写真105 玉成高等小学校校舎
新築校舎は弘前市下白銀町二〇番地(現弘前中央高校敷地)に建てられ、設立者は中津軽郡清水村、高杉村、大浦村(現岩木町)、藤代村、相馬村、岩木村・駒越村(ともに現岩木町)、千年村、堀越村、豊田村、和徳村の一一ヵ村が学校組合を設立して設置したもので、県内における最も大規模な組合立小学校として、教育界の注目を集めた。学校組合は会議を開いて、校名を「清水村外十ヵ村組合立玉成高等小学校」と命名した。
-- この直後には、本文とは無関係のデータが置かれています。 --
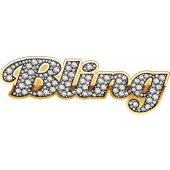 Vinilo decorativo bling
玉成高等小学校は、三十五年十一月から農業科を加えて実習に重きを置き、近代的な農業の体得を目指した教育は、玉成教育といわれ、独得の校風を作って県教育界の注目を集めた。しかし、玉成高等小学校の最大の功績は、中津軽郡各村の連帯意識を昂揚したことであった。同校は学校組合に加入していない村の子弟でも、二倍の授業料を納める条件で入学を許可した。そのため同校卒業者は多く中津軽郡各村に居住し、郡内各村は学校を中心に強く結ばれた。この同窓生意識は、農村特有の部落根性の打破につながり、中津軽郡各村には他郡に見られない相互の理解と協力が生まれた。玉成高等小学校は三十二年(一八九九)四月一日の創立の日から昭和二十二年(一九四七)三月まで続き、戦後の六・三制実施によって廃止された。